During one extended break, we were chatting with a friend of ours named Johnny. Johnny aka "Skinny," has been at CNR in the bagging department for 7 years. He is truly the nicest, most engaging guy we have met here. He is loud, tall, and black as the night. If you ever hang with Griffin, ask him to do the Skinny laugh; he is quite good at it. 
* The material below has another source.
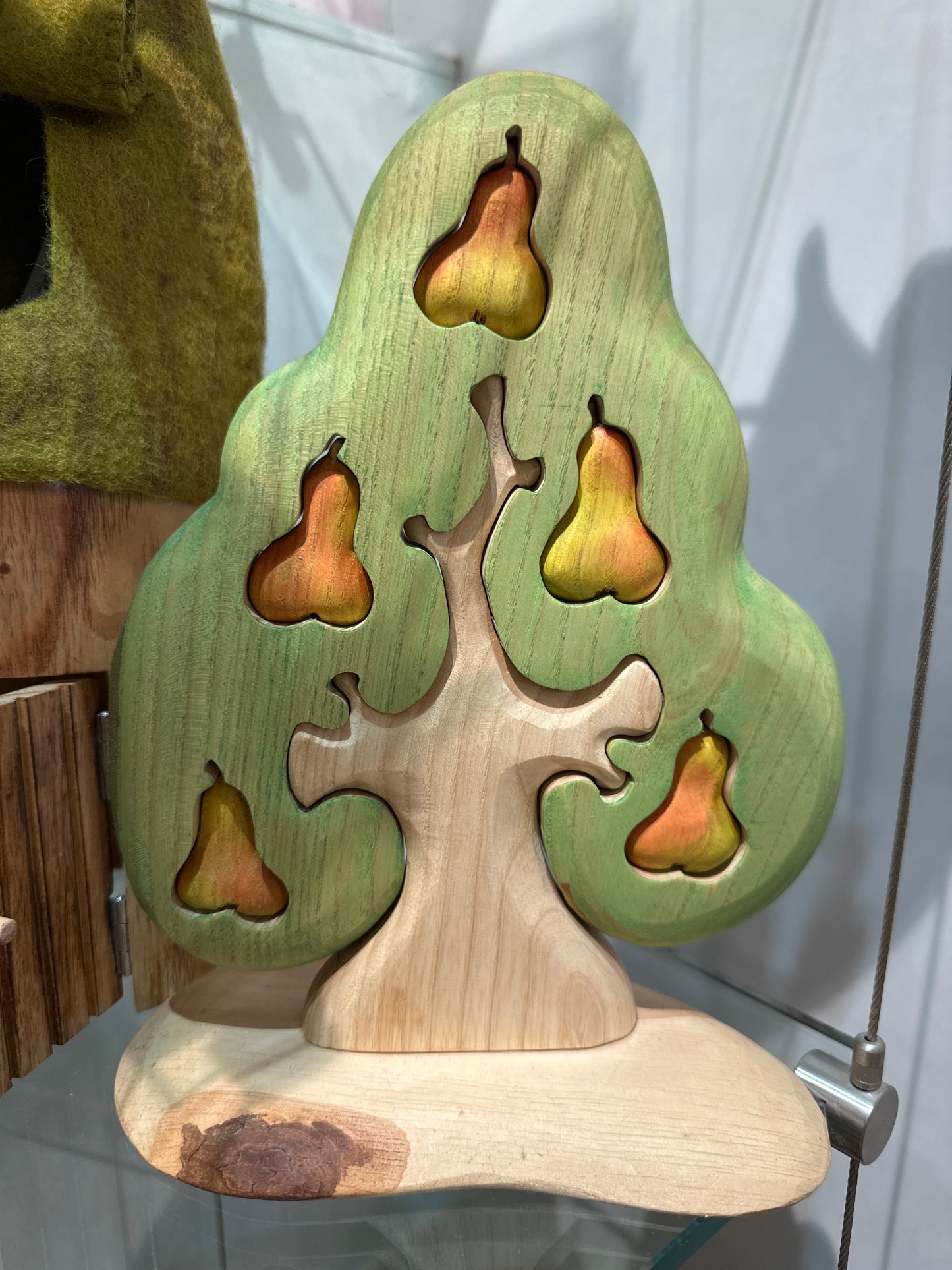 Pear tree w/ 5 pears
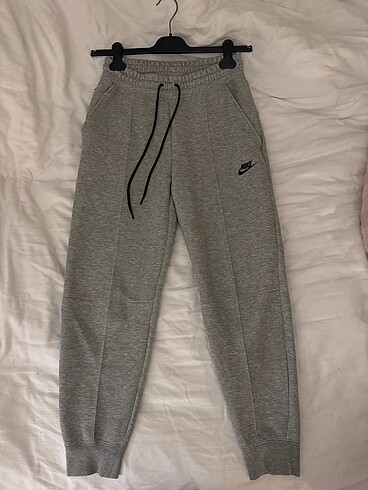 Nike tech fleece kadın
Skinny has the gift of gab, so before long Griffin and I were treated to the story of his life. For your sake, I'll start 7 years ago when he started as a temp for CNR, making $7/hour, 7 days a week (he reiterated this several times, plus I had heard it 3 times before. From him.). He had just started dating a white girl (HE specified, I'm just the messenger here...), and they moved in together. He worked as a temp for 5 years, until one fate-filled New Year's Eve party at his house. The cops had received a tip that a drug deal was going down, so the PCed the place ("plainclothsed") with some recording equipment. Looooooooooooooooooooong story short, Skinny got pinned with drug trafficking and thrown in jail. He stayed in jail for 8 months, and turned down a ten-year plea bargain. This got him on trial, and the city was shooting for 99 years. Right as it is about to go to trial, they caught the actual perp (a Mexican) and Johnny was released. He sued the city, won a CRAP ton of money, and then his girlfriend (who was now his common-law wife) broke up with him and took all his stuff. Now she is suing him for "her half" of the settlement. This happened about 2 weeks ago.


I asked my dad about this whole fiasco, and he said that while Johnny was in jail, he never complained once. He did his chores told his jokes, and never made a fuss. He lost over $35,000 in the "divorce," as well as two cars and his house. I asked him how he kept smiling through everything, and he pounded his chest twice, threw up the peace sign, pointed up and said, "The Man upstairs lookin' out for ol' Skinny." He then preceded to tell me about his 80/20 rule (live on 80%, tithe 10%, and save 10%) and how God promised him 70x7. However, he had "not been  humble," so God was disappointed in him, and he was showing him how to "get back to humility." He then told about how ho loved his job, this company, and all his co-workers. He puts everything he had into his job because he knows where he came from and he appreciates the "meaningful things in [his] life."


We didn't take anymore breaks, and we finished 1 1/2 towers today.